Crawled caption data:

:::

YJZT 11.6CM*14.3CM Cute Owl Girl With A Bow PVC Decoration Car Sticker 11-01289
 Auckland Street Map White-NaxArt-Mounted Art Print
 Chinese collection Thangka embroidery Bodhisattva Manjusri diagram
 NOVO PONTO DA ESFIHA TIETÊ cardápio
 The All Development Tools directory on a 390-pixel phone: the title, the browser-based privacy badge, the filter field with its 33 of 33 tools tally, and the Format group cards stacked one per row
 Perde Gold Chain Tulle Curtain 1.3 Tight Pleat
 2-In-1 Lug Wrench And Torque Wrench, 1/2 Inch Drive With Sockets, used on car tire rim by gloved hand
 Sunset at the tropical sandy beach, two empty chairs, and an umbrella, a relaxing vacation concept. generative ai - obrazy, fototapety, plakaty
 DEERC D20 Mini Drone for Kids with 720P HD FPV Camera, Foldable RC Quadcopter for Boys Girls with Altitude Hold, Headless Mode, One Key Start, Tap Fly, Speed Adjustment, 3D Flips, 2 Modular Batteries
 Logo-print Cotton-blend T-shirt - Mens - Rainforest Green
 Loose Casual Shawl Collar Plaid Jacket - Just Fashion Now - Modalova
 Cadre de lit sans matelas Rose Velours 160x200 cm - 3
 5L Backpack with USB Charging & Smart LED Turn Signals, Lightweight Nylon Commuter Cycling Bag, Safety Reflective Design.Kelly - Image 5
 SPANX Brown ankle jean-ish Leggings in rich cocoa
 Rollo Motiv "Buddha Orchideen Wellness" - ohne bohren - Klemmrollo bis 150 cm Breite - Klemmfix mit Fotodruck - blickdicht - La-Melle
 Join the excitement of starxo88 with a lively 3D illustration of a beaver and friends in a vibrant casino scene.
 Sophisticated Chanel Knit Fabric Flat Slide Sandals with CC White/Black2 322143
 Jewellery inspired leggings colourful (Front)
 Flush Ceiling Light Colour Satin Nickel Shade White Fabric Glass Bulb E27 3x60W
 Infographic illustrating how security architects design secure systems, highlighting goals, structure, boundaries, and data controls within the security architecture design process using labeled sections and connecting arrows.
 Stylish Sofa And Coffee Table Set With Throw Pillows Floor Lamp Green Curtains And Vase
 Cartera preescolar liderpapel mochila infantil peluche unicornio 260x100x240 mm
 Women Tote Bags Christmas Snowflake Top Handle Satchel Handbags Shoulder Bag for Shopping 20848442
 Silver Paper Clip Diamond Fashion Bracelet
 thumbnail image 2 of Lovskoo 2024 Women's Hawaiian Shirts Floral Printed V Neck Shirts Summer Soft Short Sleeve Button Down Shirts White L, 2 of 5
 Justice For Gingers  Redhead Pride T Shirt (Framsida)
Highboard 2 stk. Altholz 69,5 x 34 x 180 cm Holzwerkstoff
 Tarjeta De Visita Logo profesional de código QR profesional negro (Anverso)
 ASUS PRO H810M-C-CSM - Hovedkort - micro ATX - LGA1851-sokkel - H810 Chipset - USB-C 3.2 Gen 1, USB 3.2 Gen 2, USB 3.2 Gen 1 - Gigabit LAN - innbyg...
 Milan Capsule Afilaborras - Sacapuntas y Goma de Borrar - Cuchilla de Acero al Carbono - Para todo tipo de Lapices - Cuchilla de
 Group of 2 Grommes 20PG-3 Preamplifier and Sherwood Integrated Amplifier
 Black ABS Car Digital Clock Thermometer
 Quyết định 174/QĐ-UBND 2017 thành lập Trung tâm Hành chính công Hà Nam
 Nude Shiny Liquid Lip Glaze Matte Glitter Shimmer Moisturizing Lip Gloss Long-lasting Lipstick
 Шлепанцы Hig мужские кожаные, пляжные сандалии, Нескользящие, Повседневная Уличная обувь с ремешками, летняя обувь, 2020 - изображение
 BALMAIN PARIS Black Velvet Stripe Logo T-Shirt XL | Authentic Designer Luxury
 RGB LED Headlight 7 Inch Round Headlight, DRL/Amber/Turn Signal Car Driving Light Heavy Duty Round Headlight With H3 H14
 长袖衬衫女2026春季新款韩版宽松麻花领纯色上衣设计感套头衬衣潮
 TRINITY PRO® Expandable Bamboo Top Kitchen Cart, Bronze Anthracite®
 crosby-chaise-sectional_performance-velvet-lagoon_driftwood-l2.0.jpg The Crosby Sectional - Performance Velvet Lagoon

:::

Your task
Find the line with "BALMAIN PARIS Black". Transcribe it and every line after it exactly, through the end of the records above, and nothing else.

Written reply
 BALMAIN PARIS Black Velvet Stripe Logo T-Shirt XL | Authentic Designer Luxury
 RGB LED Headlight 7 Inch Round Headlight, DRL/Amber/Turn Signal Car Driving Light Heavy Duty Round Headlight With H3 H14
 长袖衬衫女2026春季新款韩版宽松麻花领纯色上衣设计感套头衬衣潮
 TRINITY PRO® Expandable Bamboo Top Kitchen Cart, Bronze Anthracite®
 crosby-chaise-sectional_performance-velvet-lagoon_driftwood-l2.0.jpg The Crosby Sectional - Performance Velvet Lagoon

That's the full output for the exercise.